[Haskell-cafe] Re: hs-plugins and memory leaks

Evan Laforge qdunkan at gmail.com
Wed Oct 20 21:37:06 EDT 2010


> Last, i remove pdynload code from my project temporary with below reasons:
>
> 1) Hold running state is difficult, like network state in browser or
> running state in terminal emulator.

This doesn't seem too hard to me.  Provided you are not swapping the
module that defines the state in the first place, simply reload the
module, and replace the old symbol in the state with the reloaded one.

> 2) Linking time is too long, I have haskell OS project
> (http://www.flickr.com/photos/48809572@N02/) have many sub-module, every
> sub-module is very big, and linking time is too long.

This is discouraging, since one of the main reasons to use dynamically
loaded code instead of recompiling the whole app is to avoid long link
times.  Presumably you would compile the majority of the app (the API
that the plugins use, and the internal code also uses) as a dynamic
library:

main.o -> tiny stub that just calls app.so
app.so -> large library containing all app logic
plugin.so -> links against app.so when loaded

So the plugin needs to read a lot of hi files when recompiling, but
the dynamic link time should be proportional to the number of
unresolved symbols in plugin.so that point into app.so, not
proportional to the overall size of the app, right?

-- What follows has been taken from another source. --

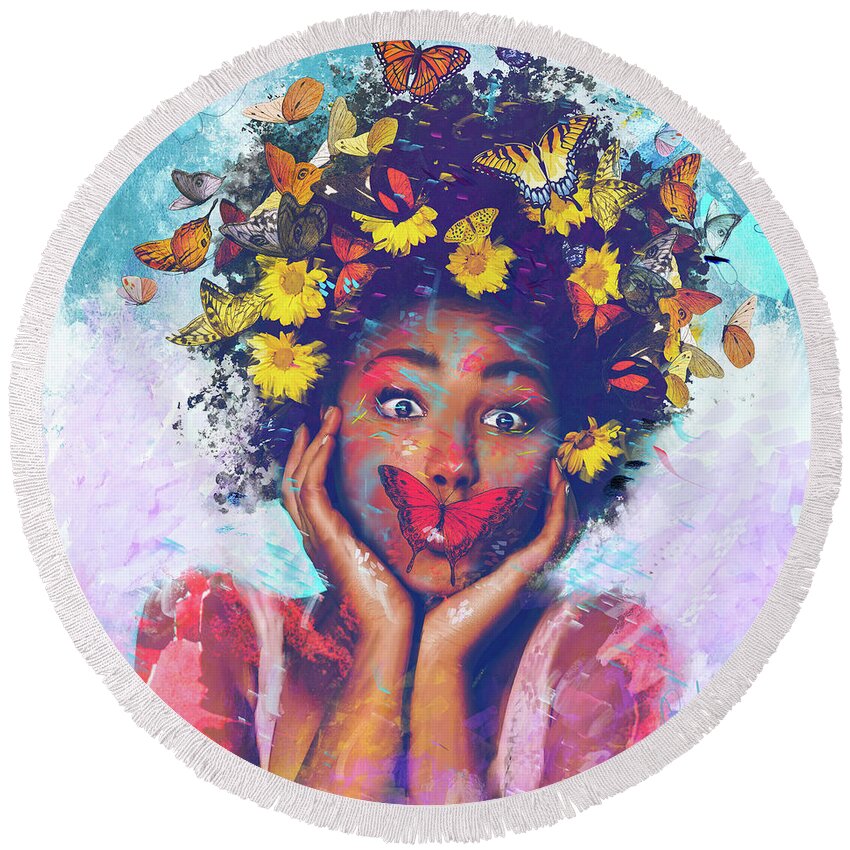 African American Round Beach Towel featuring the digital art Butterfly the Queen by Claudia McKinney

>> So would freeing oc->image fix the leak?  In my case, it's not too
>> hard to force all data structures that might reference it.
> It's not safe for GHC runtime system since you don't know when time
> unload old code is safe.

But that's just my question, I *do* (think I) know when it's safe,
which is after the data that has passed through plugged-in code has
been fully forced.  Can't I just call unloadObj then?

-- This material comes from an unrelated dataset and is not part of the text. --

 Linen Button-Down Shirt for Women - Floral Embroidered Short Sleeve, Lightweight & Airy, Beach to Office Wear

E.g., loading and unloading plugins for audio processing is totally
standard.  Since the data is strict arrays of primitive types, there's
no risk of stray pointers to unloaded code.

> Anyway, i was re-thinking hot-swap haskell some time, my idea
> is :
>
>     multi-processes framework
>   + hot-swapping core entry
>   + mix old/new sub-module in runtime
>
> Core and sub-module all in separate processes.

How would you pass state between processes?